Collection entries
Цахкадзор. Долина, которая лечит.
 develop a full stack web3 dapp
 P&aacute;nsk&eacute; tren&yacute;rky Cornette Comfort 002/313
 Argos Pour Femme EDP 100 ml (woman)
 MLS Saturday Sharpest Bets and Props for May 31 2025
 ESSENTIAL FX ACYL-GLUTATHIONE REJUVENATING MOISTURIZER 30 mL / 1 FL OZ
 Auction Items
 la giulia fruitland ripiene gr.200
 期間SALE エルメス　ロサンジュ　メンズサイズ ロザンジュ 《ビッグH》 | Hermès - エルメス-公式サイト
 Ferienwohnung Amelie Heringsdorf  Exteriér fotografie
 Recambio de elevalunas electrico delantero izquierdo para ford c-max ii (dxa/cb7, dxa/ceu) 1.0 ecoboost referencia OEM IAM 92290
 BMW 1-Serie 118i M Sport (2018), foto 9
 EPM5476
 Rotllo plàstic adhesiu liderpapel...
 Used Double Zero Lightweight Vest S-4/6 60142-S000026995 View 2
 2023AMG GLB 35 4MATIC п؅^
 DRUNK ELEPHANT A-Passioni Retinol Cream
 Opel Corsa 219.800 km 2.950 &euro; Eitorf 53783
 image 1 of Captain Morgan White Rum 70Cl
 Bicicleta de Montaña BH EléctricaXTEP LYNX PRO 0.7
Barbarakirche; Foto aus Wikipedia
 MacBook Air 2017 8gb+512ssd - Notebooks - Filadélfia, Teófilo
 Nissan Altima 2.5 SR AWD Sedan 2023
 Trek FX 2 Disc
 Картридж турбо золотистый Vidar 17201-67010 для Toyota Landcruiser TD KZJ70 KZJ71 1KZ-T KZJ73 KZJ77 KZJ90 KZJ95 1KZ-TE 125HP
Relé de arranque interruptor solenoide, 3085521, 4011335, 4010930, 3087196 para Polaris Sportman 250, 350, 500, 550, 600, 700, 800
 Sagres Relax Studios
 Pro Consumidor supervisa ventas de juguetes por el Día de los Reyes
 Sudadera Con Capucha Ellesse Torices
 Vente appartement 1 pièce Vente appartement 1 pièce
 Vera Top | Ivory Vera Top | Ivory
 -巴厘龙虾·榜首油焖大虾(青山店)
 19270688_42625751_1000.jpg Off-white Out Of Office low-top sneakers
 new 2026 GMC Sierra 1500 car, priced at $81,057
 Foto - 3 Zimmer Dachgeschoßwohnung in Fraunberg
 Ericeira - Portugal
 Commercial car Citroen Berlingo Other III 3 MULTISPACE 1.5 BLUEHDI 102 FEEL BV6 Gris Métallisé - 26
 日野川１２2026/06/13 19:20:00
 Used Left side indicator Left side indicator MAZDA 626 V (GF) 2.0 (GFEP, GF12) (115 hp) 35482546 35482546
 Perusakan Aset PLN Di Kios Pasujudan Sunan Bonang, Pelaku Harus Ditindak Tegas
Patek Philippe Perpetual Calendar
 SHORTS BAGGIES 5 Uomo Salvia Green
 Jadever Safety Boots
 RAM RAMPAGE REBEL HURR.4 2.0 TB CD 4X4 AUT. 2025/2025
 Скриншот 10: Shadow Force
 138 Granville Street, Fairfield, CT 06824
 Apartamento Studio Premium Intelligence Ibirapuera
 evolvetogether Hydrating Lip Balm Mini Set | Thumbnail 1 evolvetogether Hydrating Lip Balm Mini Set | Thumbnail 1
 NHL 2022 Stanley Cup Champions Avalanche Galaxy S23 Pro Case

# WHAT TO WORK ON
Set down no line except those from the one with "Used Left side" to the last line of the data, inclusive, each exactly as written.

# THE ANSWER
 Used Left side indicator Left side indicator MAZDA 626 V (GF) 2.0 (GFEP, GF12) (115 hp) 35482546 35482546
 Perusakan Aset PLN Di Kios Pasujudan Sunan Bonang, Pelaku Harus Ditindak Tegas
Patek Philippe Perpetual Calendar
 SHORTS BAGGIES 5 Uomo Salvia Green
 Jadever Safety Boots
 RAM RAMPAGE REBEL HURR.4 2.0 TB CD 4X4 AUT. 2025/2025
 Скриншот 10: Shadow Force
 138 Granville Street, Fairfield, CT 06824
 Apartamento Studio Premium Intelligence Ibirapuera
 evolvetogether Hydrating Lip Balm Mini Set | Thumbnail 1 evolvetogether Hydrating Lip Balm Mini Set | Thumbnail 1
 NHL 2022 Stanley Cup Champions Avalanche Galaxy S23 Pro Case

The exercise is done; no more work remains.